Supplied material -
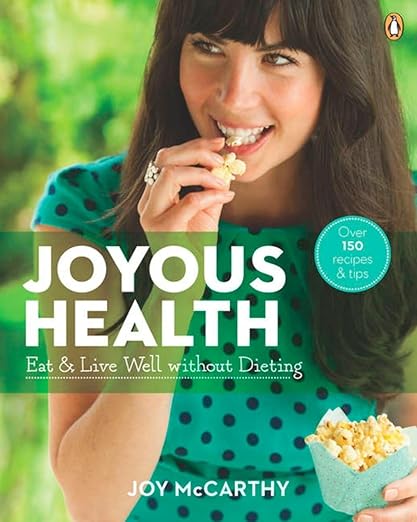 Joyous Health Cookbook by Joy McCarthy: Eat & Live Well Without Dieting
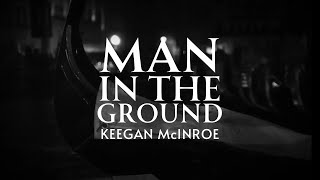 Keegan McInroe - Man in the Ground (Official Video)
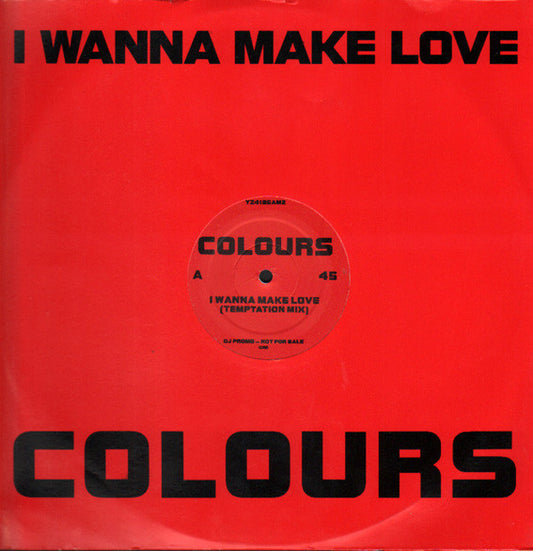 Colours (7) - I Wanna Make Love (12", Promo)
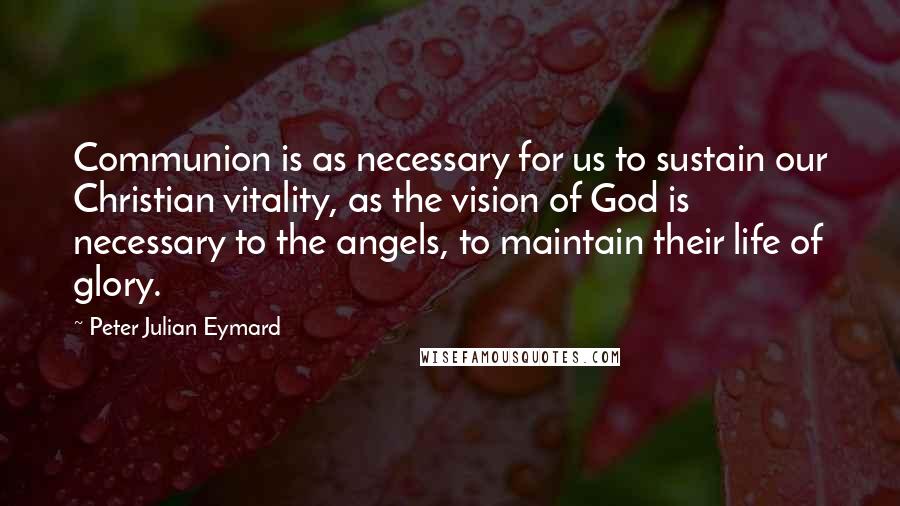 Peter Julian Eymard Quotes: Communion is as necessary for us to sustain our Christian vitality, as the vision of God is necessary to the angels, to maintain their life of glory.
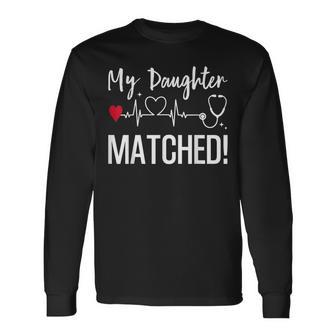 My Daughter Matched Residency Match Day 2026 Medical School Long Sleeve T-Shirt - Thegiftio UK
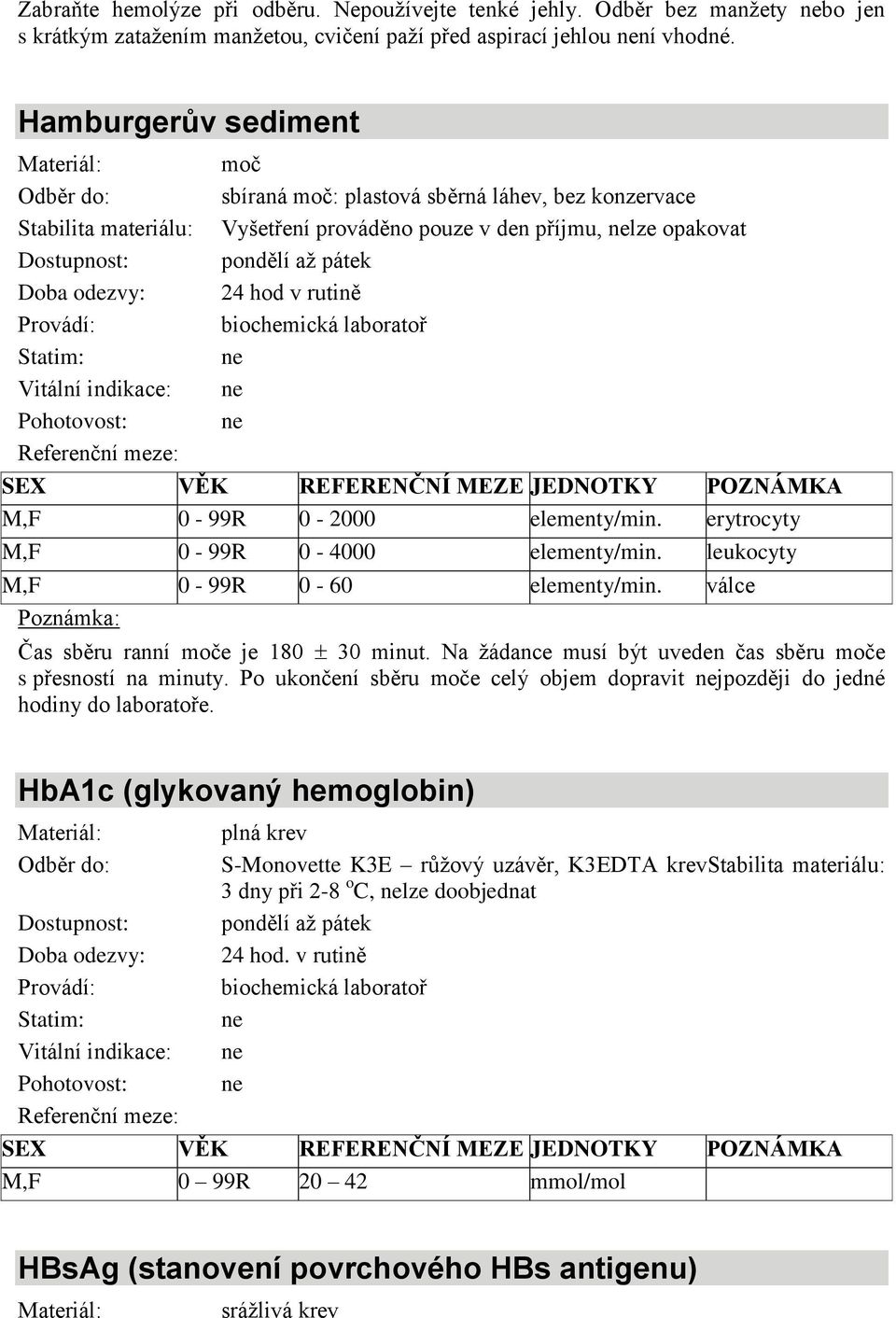 erytrocyty M,F 0-99R 0-4000 elementy/min. leukocyty M,F 0-99R 0-60 elementy/min. válce Poznámka: Čas sběru ranní moče je 180 30 minut. Na žádance musí být uveden čas sběru moče s přesností na minuty.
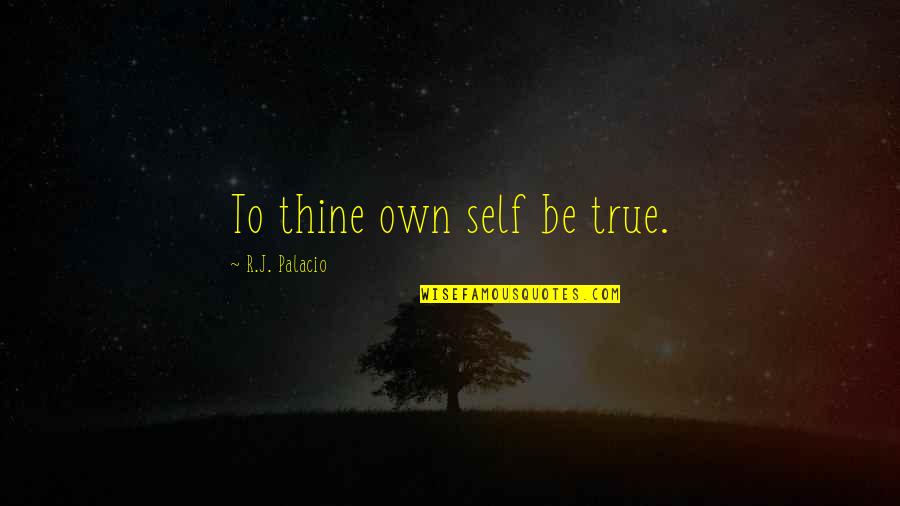 Palacio Quotes By R.J. Palacio: To thine own self be true.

Work to complete - Start at the line containing "Keegan McInroe - Man" above and stop at the line containing "Peter Julian Eymard". Output those lines exactly, both included, but none of the pictures.

Problem solution -
 Keegan McInroe - Man in the Ground (Official Video)
 Colours (7) - I Wanna Make Love (12", Promo)
 Peter Julian Eymard Quotes: Communion is as necessary for us to sustain our Christian vitality, as the vision of God is necessary to the angels, to maintain their life of glory.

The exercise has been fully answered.